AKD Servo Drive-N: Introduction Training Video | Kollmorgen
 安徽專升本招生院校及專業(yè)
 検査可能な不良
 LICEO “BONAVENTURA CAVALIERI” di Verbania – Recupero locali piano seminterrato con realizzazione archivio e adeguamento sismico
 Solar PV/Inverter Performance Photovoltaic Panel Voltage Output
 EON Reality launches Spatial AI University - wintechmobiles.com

※ ※ ※

Task details: A complete, exact copy of the material above is the expected answer.

Written solution:
AKD Servo Drive-N: Introduction Training Video | Kollmorgen
 安徽專升本招生院校及專業(yè)
 検査可能な不良
 LICEO “BONAVENTURA CAVALIERI” di Verbania – Recupero locali piano seminterrato con realizzazione archivio e adeguamento sismico
 Solar PV/Inverter Performance Photovoltaic Panel Voltage Output
 EON Reality launches Spatial AI University - wintechmobiles.com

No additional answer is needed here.